Because of rising energy bills, more and more of us are starting to pay close attention to our energy bills, and especially our heating bills. We are now more concerned than ever to be as efficient as possible with our energy requirements. One thing that has manifested out of this is the general idea that vertical heaters should be avoided at all costs. But is this true? This is the topic of the article and we will address the issues throughout.

 

The first thing we want to clarify is that vertical radiators are not the bad option that they are made out to be. They can be a bad choice, but this is not always the case. You should avoid using them under certain circumstances, but in other situations, they are actually the best choice. Let’s explore this in more depth now…

 

In terms of heat output, they can produce as much heat as any other radiator of the same size and BTU rating. The difference between a vertical and horizontal radiator in this regard is the way that they distribute heat around the room. Horizontal radiators are more efficient at distributing heat in an even and broad manner. They heat up more of the room across a horizontal axis.

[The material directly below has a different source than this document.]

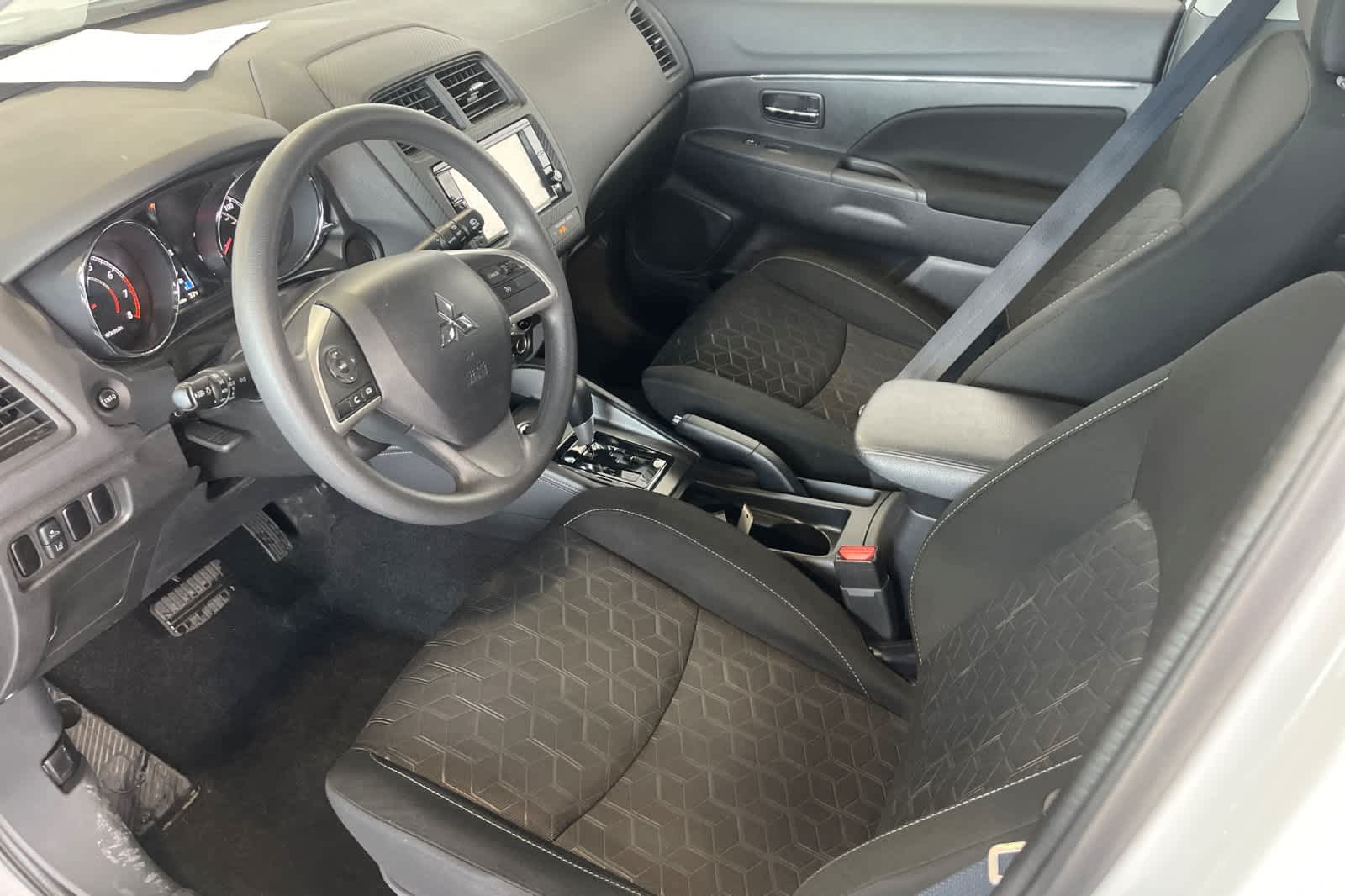 Thumbnail: 2024 Mitsubishi Outlander Sport - 13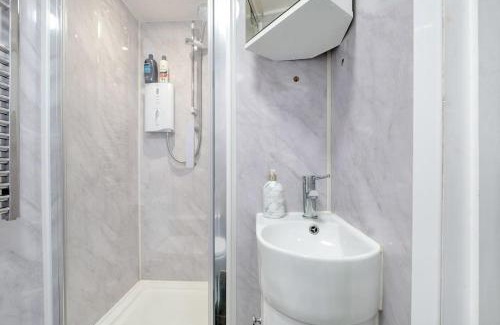 Peterborough Apartamento | Small and cosy entire House in Peterborough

This means that they are better at heating larger rooms.

 

However, there are two issues to address here:

 

  1. Vertical radiators might not spread heat as efficiently in a larger room, but in a smaller room, they tend to perform better because they produce more heat for the same amount of space. The horizontal radiators can sometimes be too big to fit in small spaces, and this means choosing a smaller radiator. In turn, the smaller radiator produces less heat, and so it is less efficient than the vertical heater, which can produce as much heat as a larger horizontal radiator can produce in the same space.

 

 

  1. Some vertical heaters have convection fins that point the heat towards the floor and out in a fanning pattern. This means that they can cover a much broader area with their heat than the same radiator without convector fins would be able to do. This in turn means that modern vertical heaters, with convector fins, can almost match horizontal radiators in terms of heat distribution. They aren’t quite as good, but they are much better than they used to be and they are almost on a par with the horizontal radiators.

 

 

Vertical heaters are also better in some places than horizontal radiators are. For example, if you want to place your radiators on a north facing wall and that wall has a French door or French windows, then it can be better to place two vertical heaters on either side of the door or window, rather than having a single horizontal radiator somewhere on that wall. The two radiators will be more efficient than the single radiator will be.

 

Finally, vertical heaters have the key advantage that they look better than horizontal heaters. The manufactures design them with fun and classic shapes that make them appear much more elegant than other types of radiator appear.

 

We hope that you have found this article useful and that you now understand that while vertical heaters aren’t necessarily a good option, under certain circumstances, they are actually the best choice. As such, you should never write them off as impractical or inefficient.